_EXERCISE INSTRUCTIONS:_ Could you set down exactly the lines of the data below, starting at the one that holds "bir model a.z." and ending at the one that holds "Shells Necklace Really long - Picture 3 of 3", both included, and only those?

_ENTRIES SUPPLIED:_
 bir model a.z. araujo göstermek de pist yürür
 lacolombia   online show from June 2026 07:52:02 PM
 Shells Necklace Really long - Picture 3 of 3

--

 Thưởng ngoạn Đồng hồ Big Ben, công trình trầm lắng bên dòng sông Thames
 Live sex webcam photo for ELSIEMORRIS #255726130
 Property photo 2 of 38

_EXPECTED OUTPUT:_
 bir model a.z. araujo göstermek de pist yürür
 lacolombia   online show from June 2026 07:52:02 PM
 Shells Necklace Really long - Picture 3 of 3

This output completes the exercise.